# CHAdeMO tester



## tenthousandclowns (Jun 21, 2012)

I think it would be easier to add chademo to a CCS car than vice versa. Watch the DIY chademo thread farther down...


----------



## Mojje (Mar 11, 2016)

I had a thorough read-throug of the DIY CHAdeMO and looked through all of the Youtube clips on the Land-Yacht (and more). 
I read all documentation about the JLD505 and went throug the code and installed the needed Arduino Libraries.

I found an outlet from a 2013 Nissan Leaf on a scrapyard nearby so I went and bought that.

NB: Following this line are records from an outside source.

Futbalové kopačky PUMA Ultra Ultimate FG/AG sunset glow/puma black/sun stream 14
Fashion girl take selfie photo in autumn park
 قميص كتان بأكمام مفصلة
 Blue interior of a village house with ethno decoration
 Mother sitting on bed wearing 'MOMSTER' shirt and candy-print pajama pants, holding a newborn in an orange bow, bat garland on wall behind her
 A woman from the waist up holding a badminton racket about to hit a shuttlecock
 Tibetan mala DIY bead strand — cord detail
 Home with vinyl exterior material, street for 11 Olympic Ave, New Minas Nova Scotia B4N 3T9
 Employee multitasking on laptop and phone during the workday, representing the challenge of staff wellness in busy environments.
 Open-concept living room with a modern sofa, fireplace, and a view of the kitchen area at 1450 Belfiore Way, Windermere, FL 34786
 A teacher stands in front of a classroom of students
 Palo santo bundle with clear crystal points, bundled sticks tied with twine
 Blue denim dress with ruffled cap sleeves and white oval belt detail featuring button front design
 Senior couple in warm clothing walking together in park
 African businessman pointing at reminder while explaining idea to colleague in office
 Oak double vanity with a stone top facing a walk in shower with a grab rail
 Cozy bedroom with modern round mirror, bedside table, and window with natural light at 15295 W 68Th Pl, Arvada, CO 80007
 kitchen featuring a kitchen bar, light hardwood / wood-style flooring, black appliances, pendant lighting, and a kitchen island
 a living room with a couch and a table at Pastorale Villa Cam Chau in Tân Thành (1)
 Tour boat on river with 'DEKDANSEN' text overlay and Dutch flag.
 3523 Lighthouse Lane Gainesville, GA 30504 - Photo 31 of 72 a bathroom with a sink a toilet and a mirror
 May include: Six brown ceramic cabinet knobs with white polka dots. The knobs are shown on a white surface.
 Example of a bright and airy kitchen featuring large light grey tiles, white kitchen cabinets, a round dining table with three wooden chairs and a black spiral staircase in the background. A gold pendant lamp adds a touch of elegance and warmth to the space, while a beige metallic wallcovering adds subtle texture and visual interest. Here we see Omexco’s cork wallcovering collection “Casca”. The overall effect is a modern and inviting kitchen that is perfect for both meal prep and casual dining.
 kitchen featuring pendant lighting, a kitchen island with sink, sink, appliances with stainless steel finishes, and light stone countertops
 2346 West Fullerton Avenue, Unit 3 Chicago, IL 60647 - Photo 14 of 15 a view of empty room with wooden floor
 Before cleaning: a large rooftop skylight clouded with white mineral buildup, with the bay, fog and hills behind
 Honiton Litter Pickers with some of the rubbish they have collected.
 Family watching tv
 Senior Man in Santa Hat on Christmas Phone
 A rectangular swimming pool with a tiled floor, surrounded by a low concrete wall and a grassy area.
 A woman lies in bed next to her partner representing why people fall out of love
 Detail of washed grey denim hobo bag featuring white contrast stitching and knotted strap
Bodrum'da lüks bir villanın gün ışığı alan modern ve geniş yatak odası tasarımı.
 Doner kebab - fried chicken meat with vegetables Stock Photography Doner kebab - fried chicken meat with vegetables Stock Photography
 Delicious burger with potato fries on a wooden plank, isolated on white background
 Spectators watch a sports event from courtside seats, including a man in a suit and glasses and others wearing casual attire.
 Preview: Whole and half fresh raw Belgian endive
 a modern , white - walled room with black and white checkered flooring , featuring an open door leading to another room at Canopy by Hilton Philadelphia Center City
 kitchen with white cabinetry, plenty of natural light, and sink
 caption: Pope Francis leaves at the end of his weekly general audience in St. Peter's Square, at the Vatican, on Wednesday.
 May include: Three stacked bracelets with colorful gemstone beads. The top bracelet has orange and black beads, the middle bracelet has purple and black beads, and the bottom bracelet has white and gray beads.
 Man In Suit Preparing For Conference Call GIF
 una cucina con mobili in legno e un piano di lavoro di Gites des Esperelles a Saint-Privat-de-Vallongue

So next step would be to get the hold of a JLD505 or if they are not avaliable build one. Any tips on that?


----------



## Tomdb (Jan 28, 2013)

use an arduino with a canbus shield for testing.

And check code/pdf for pins.


----------



## Mojje (Mar 11, 2016)

Will certainly try this, do you know which Arduino version and which CANbus sheild?

Right now I have Arduino Nano (V3) and Uno at home, do I need something more powerfull?


----------



## Tomdb (Jan 28, 2013)

test it and find out.

Not alot of code, and not a lot of canbus messages. So guess Uno would do it, however maybe some code changes might be required, to get the canbus to work.


----------